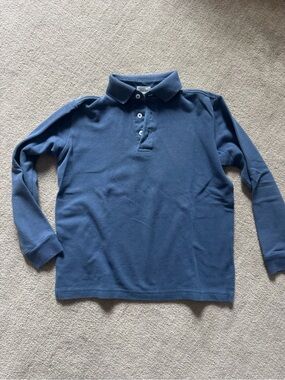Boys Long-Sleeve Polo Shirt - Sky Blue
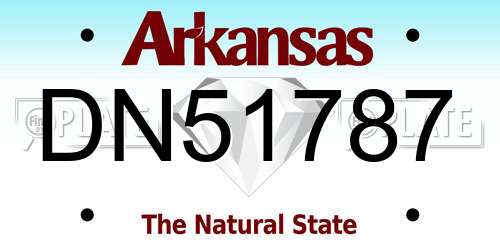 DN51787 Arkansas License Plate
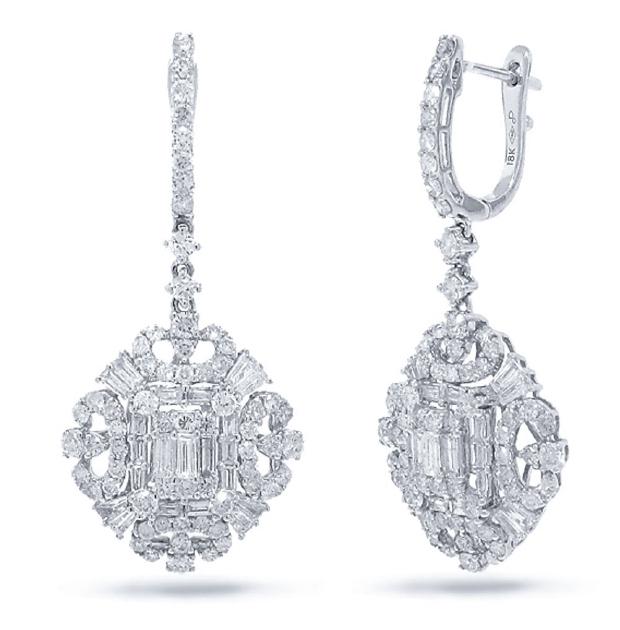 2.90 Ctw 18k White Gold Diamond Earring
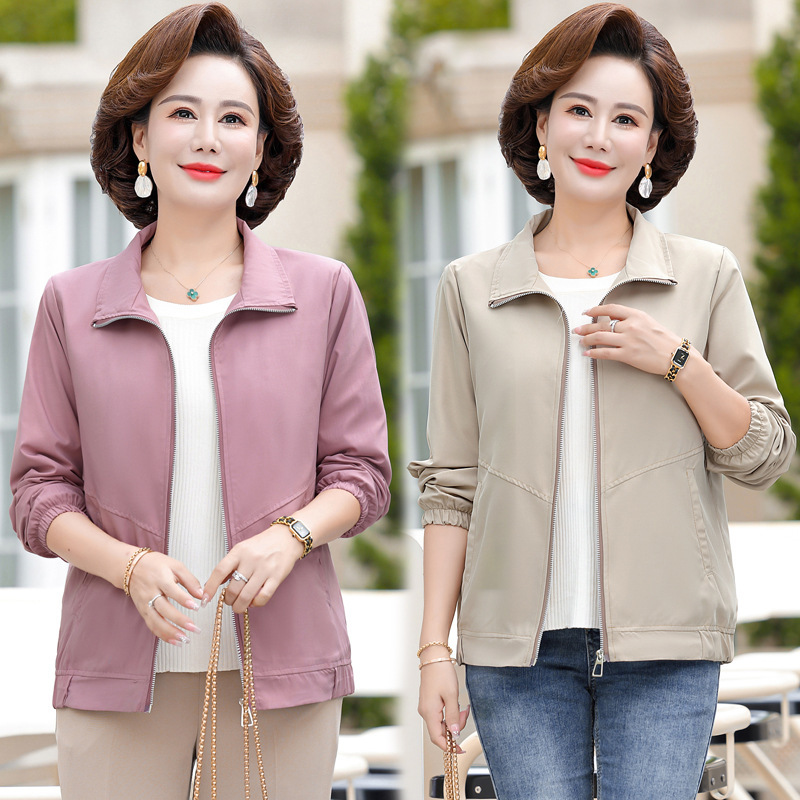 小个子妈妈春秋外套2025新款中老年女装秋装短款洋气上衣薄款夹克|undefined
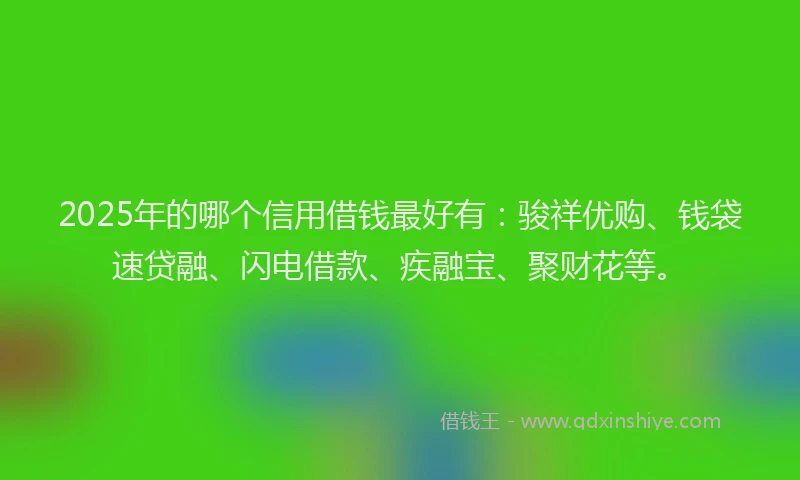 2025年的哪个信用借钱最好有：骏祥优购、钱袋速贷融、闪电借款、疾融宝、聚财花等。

────────

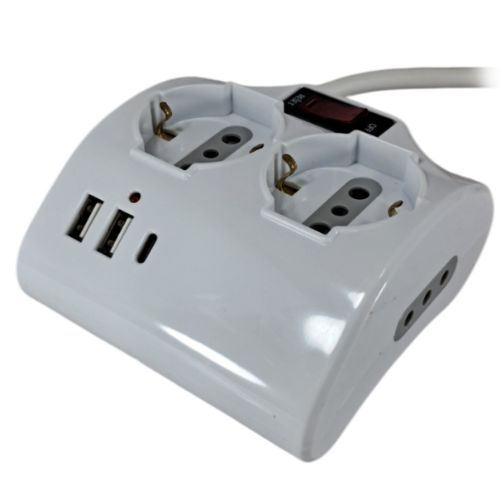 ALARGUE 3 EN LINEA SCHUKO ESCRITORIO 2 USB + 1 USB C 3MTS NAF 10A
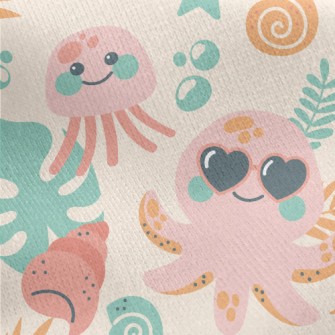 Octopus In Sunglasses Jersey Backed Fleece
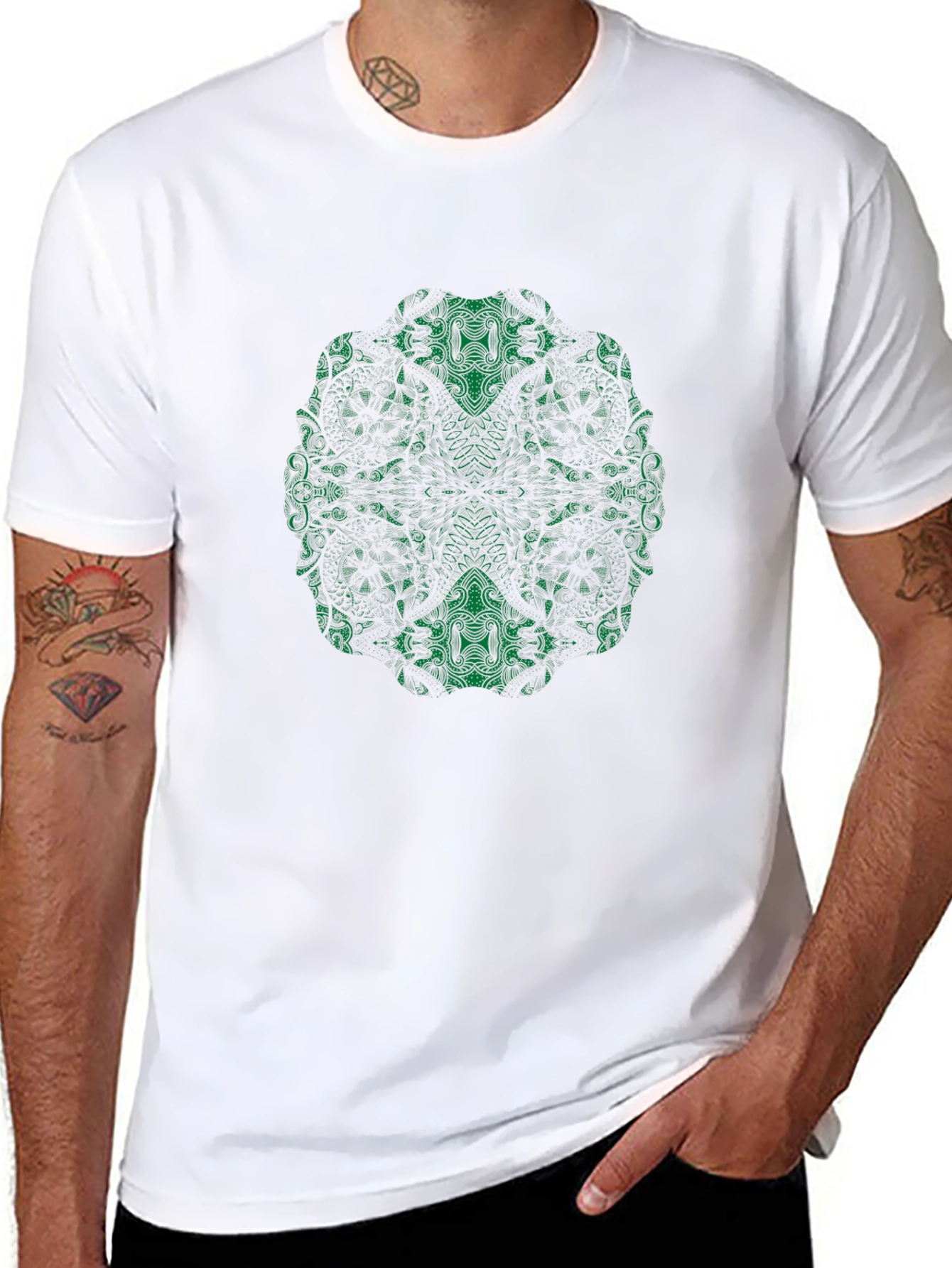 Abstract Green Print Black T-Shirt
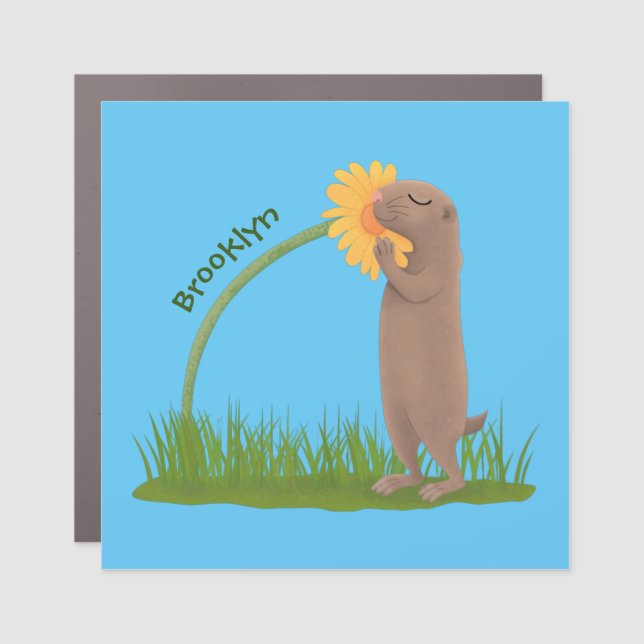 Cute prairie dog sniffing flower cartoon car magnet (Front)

────────

About this task: Above are some records. Reproduce the lines from the one with "Boys Long-Sleeve Polo Shirt - Sky Blue" down to the one with "2025年的哪个信用借钱最好", keeping both, and leave every picture out.

Solution:
Boys Long-Sleeve Polo Shirt - Sky Blue
 DN51787 Arkansas License Plate
 2.90 Ctw 18k White Gold Diamond Earring
 小个子妈妈春秋外套2025新款中老年女装秋装短款洋气上衣薄款夹克|undefined
 2025年的哪个信用借钱最好有：骏祥优购、钱袋速贷融、闪电借款、疾融宝、聚财花等。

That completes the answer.